An attachment of the rotary abrasive material 10 to the rotating tool G is done by inserting the rotating shaft S of the rotating tool G through an inserting hole 25k provided at the center of the rotary abrasive material 10 (in the present embodiment, at the center of a connection member 25) and screwing a lock nut N into the rotating shaft S.

An external appearance of the rotary abrasive material 10 of the present embodiment is what FIGS. 2 and FIGS. 3 show, which is provided by combining two types of members 1 and 2 in the axial direction (direction of the rotation shaft S) into one unit, as shown in FIG. 4. Hereinafter, a description will be given while referring to these members as a first member 1 and a second member 2, respectively.

For the first member 1, as shown in FIG. 4 and FIG. 7, a synthetic resin base plate 11 and a projection portion 12 are provided.

The base plate 11 in the present embodiment is annular in appearance. In the central part of this base plate 11, a fitting hole 13 to accept a connection member 25 is provided. Here, the connection member 25 to be attached to this fitting hole 13 is attached to the rotating shaft S of the rotating tool G to transmit power from the rotating tool G to the first member 1.

The projection portion 12 as an abrasive sheet installation portion is integrally provided with the base plate 11 in a radical outward direction of the base plate 11, and at one-side surface thereof (the front face, the downward direction in FIG. 4,) an abrasive sheet 14 is adhered.

The section between the projection portions 12 is a space, and this space is an air-introducing portion 15, serving as an abrasive sheet inserting space 15 too. Depending on the usage of the first member 1, this space differently functions as an air-introducing portion 15 and as an abrasive sheet inserting space 15, and the designations are selected depending on its effect in the following.

The abrasive sheet 14 attached to the projection portion 12 is, same as sandpaper, a sheet made of paper, fabric or the like whose one-side face has been coated with abrasive grains such as diamond grains.

In the present embodiment, the abrasive sheet 14 cut in a rectangular form is arranged on the projection portion 12 partially overlapped in the circumferential direction with the side coated with abrasive grains coming front, and fixed by glue or the like. Since the abrasive sheets 14 are arranged on the front face of the projection portion 12 in such a manner as in the above, the abrasive sheets 14 are inclined in a down-rearward direction of the illustration against a rotating direction R of the first member 1, as shown in FIG. 8(A).

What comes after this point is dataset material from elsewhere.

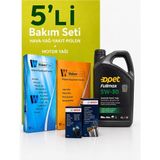 Bosch-Waben Volkswagen Caddy 2.0 Dizel Filtre Bakım Seti-Opet 5W30 4 Lt (2015-2020) 4 Lü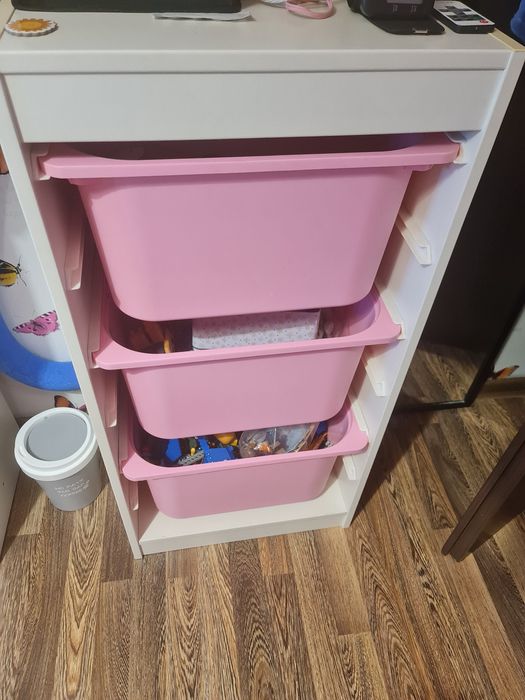 Ansamblu Ikea Trofast alb cu roz 2 bucati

The projection portion 12 is formed with an angle against the base plate 11 in a side view. Concretely, as shown in FIG. 8(A), the projection portion 12 is formed so as to incline, following the rotating direction R of the first member 1, upward in the illustration. Since an end face 12a of the front end side and an end face 12b of the rear end side concerning the rotating direction R have been chamfered, in addition to an inclined arrangement of the abrasive sheet 14, the air-introducing portion 15 is a smoothly inclined space without a projection against the rotating direction R.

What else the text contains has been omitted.